*Task objective*: In the records below, take the line with "Accessories Nightstick Charger" and all lines after it, and copy them exactly, pictures excluded.

*Short descriptive text snippets*:

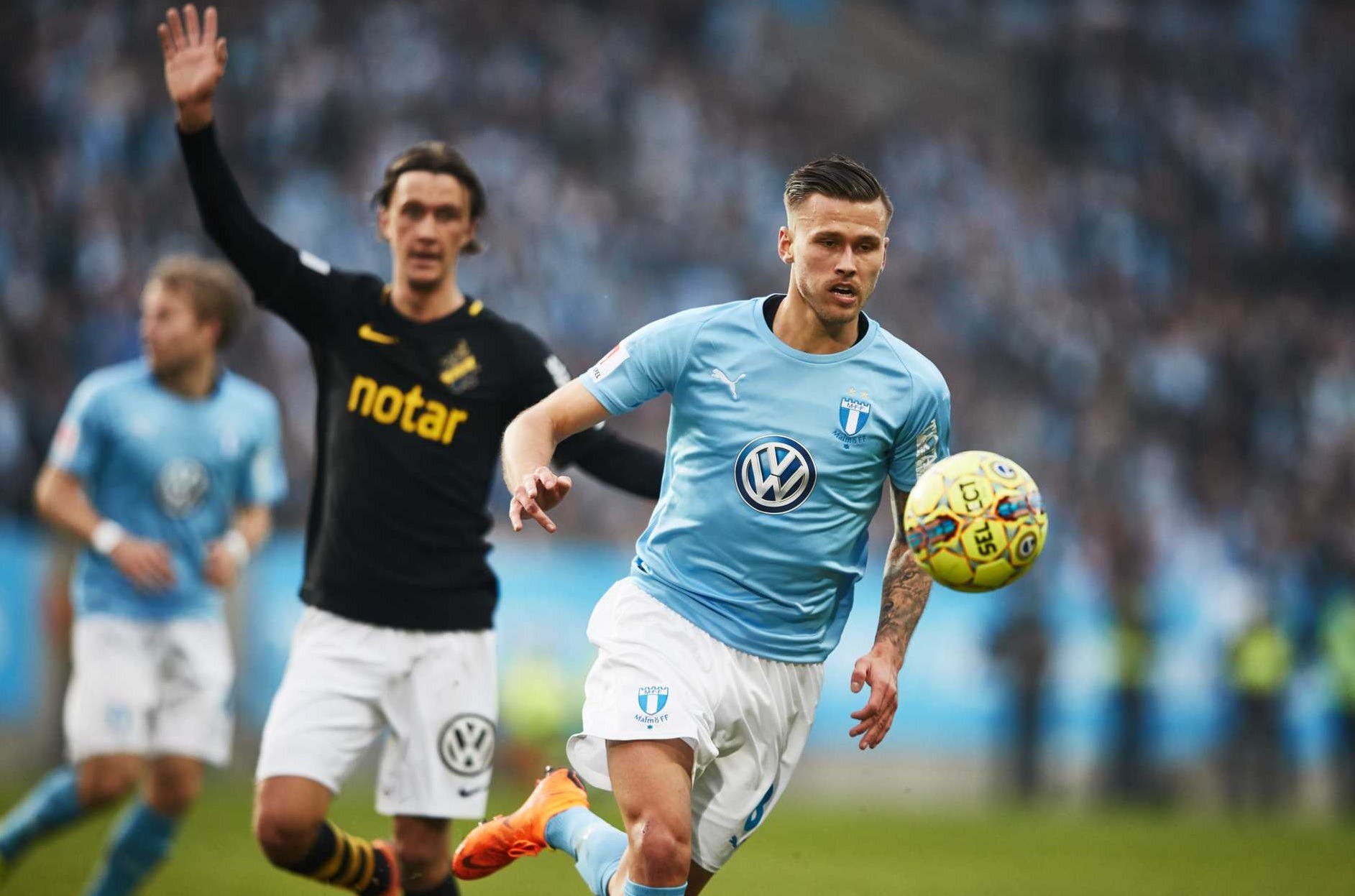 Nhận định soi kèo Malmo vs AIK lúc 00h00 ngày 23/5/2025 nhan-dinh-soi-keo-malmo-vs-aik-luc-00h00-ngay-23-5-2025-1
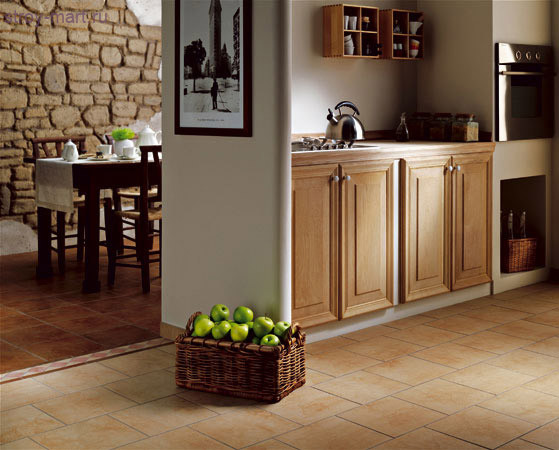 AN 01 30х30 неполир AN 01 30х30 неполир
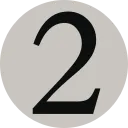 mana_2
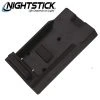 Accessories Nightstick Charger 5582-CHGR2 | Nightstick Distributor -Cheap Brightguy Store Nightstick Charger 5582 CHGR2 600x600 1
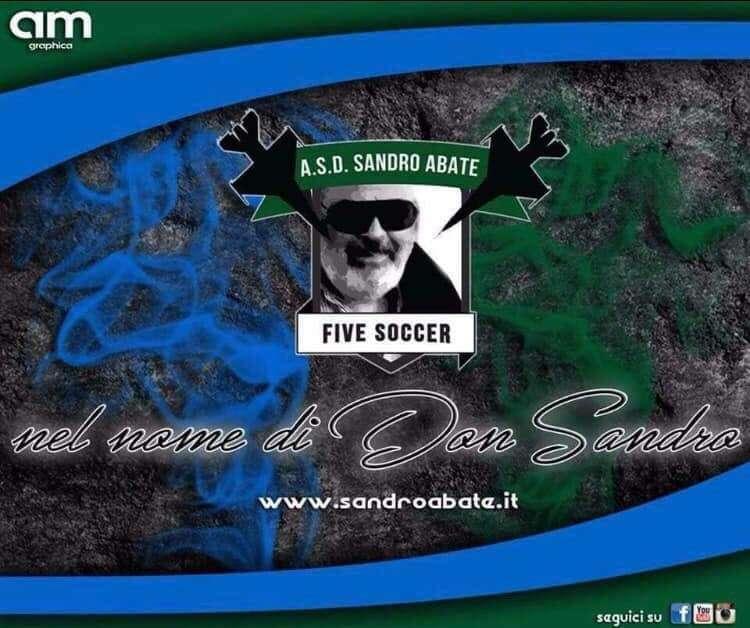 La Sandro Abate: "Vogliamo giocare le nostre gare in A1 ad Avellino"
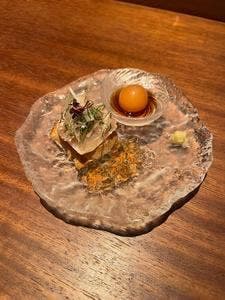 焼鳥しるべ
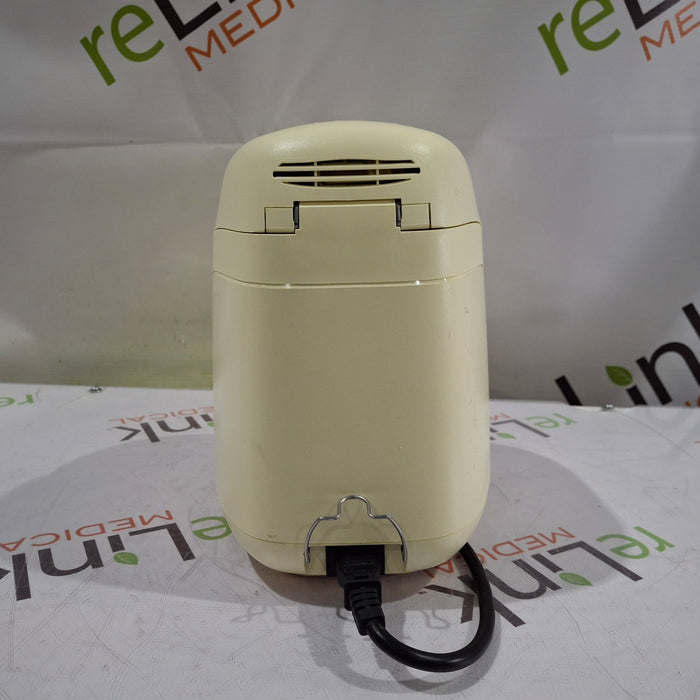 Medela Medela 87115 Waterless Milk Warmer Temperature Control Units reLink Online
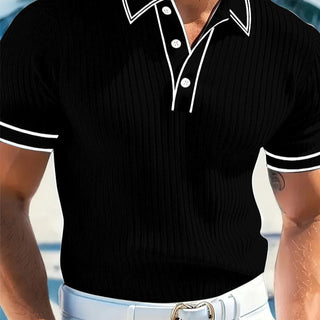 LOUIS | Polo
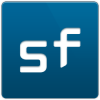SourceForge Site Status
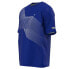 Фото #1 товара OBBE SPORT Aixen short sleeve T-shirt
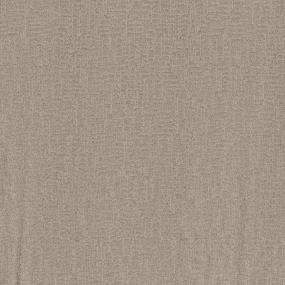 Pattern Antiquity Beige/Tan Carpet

*Answer below*:
 Accessories Nightstick Charger 5582-CHGR2 | Nightstick Distributor -Cheap Brightguy Store Nightstick Charger 5582 CHGR2 600x600 1
 La Sandro Abate: "Vogliamo giocare le nostre gare in A1 ad Avellino"
 焼鳥しるべ
 Medela Medela 87115 Waterless Milk Warmer Temperature Control Units reLink Online
 LOUIS | Polo
SourceForge Site Status
 Фото #1 товара OBBE SPORT Aixen short sleeve T-shirt
 Pattern Antiquity Beige/Tan Carpet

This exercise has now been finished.